Halftones and Resolution Basics

good luck - just trying to help..black and white images can not be treated like colour..


----------



## kps (May 4, 2003)

Halftones?????? WTF?

W, get yourself the trial version of Adobe Lightroom (full functionality) get the best possible original, save it as a sRBG JPG in best quality with an adequate size for a 8x10. My guess, somewhere about 3000x2400(min) coming in at 5mp file size at 300ppi. Even though you are printing at 5x7, it's nice to have a 8x10 version too. You never know.

Use Lightroom to strip colour data, equalize the image, fix blown hi-lites, etc, etc, forever...make as many variations as you'd like.

Email to Costco, if you must continue to use that service and hope you get what you want. 

Quality custom retouching and restoration takes time, experience, and/or money. Stop waisting more time, get 'er done.
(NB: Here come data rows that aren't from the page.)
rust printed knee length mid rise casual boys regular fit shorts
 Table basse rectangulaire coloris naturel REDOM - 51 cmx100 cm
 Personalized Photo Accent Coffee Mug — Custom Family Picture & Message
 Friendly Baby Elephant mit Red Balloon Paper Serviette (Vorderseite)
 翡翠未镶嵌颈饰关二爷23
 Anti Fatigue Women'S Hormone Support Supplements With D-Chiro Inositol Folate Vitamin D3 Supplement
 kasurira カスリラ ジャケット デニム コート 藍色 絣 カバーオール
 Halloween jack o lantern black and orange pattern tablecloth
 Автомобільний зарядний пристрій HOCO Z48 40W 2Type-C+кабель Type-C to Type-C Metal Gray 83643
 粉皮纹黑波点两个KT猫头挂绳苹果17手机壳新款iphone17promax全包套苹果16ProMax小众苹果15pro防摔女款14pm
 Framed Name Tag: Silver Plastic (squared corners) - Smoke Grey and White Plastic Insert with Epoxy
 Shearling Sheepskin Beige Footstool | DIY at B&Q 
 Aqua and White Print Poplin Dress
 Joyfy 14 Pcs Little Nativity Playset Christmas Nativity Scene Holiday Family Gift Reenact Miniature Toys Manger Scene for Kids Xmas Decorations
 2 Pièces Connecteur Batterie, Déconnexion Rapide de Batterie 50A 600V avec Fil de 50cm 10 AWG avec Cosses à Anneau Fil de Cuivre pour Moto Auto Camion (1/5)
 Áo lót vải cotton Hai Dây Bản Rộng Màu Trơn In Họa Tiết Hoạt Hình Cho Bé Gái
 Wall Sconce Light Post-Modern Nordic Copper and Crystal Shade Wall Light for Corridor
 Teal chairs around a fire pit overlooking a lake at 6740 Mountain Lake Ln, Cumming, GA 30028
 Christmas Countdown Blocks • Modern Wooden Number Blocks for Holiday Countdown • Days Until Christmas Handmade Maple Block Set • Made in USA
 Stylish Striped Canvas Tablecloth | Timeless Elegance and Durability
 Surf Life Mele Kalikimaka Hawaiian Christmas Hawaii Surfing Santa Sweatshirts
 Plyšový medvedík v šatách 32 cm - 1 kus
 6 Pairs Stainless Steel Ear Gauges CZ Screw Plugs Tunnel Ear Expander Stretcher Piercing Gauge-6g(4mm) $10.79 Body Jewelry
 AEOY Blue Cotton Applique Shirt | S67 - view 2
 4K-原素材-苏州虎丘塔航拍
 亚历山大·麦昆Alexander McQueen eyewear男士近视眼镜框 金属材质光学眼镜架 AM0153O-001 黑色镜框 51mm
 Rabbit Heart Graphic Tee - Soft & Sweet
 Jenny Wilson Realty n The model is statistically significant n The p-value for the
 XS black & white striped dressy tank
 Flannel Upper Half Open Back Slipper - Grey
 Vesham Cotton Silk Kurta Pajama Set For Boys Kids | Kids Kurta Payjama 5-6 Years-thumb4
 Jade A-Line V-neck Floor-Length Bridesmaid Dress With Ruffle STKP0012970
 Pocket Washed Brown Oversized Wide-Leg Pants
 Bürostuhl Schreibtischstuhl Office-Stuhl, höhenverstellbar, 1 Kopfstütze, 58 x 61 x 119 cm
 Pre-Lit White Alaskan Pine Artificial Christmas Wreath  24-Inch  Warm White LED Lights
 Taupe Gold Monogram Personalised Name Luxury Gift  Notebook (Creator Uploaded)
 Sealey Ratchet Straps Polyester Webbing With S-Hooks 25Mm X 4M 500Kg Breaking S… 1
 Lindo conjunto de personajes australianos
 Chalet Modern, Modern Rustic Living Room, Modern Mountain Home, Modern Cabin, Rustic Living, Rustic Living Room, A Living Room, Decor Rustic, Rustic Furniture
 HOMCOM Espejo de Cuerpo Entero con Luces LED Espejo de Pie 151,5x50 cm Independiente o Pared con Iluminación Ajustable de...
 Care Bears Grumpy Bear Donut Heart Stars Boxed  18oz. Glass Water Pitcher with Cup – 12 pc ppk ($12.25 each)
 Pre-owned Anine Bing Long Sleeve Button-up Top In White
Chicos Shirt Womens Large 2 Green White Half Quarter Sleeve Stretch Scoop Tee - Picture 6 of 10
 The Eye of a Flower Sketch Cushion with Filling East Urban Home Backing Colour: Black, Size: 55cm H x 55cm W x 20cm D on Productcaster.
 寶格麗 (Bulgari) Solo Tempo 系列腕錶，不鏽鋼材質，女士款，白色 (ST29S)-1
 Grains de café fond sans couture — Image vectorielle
My quick and dirty Lightroom result just to give you an idea.


----------



## pm-r (May 17, 2009)

Wow, I'm sure no photo judge but those results are pretty impressive to me and puts some life into it, especially considering the source and a "quick and dirty Lightroom" job.


----------



## kps (May 4, 2003)

pm-r said:


> Wow, I'm sure no photo judge but those results are pretty impressive to me and puts some life into it, especially considering the source and a "quick and dirty Lightroom" job.


Pretty much all I used on this...with a few minor adjustments in shadow/contrast, etc.





+
YouTube Video









ERROR: If you can see this, then YouTube is down or you don't have Flash installed.


----------



## screature (May 14, 2007)

kps said:


> *Halftones?????? WTF?...
> *


Agreed half tones are for print, i.e. news papers, magazines etc. and at that are very outdated. NOT for true photographic quality reproduction... md is out of his depth on this.

Sorry kps I prefer WCraig's "original" to your quick and dirty LR job, at least on my monitor... to each their own.


----------



## kps (May 4, 2003)

screature said:


> Sorry kps I prefer WCraig's "original" to your quick and dirty LR job, at least on my monitor... to each their own.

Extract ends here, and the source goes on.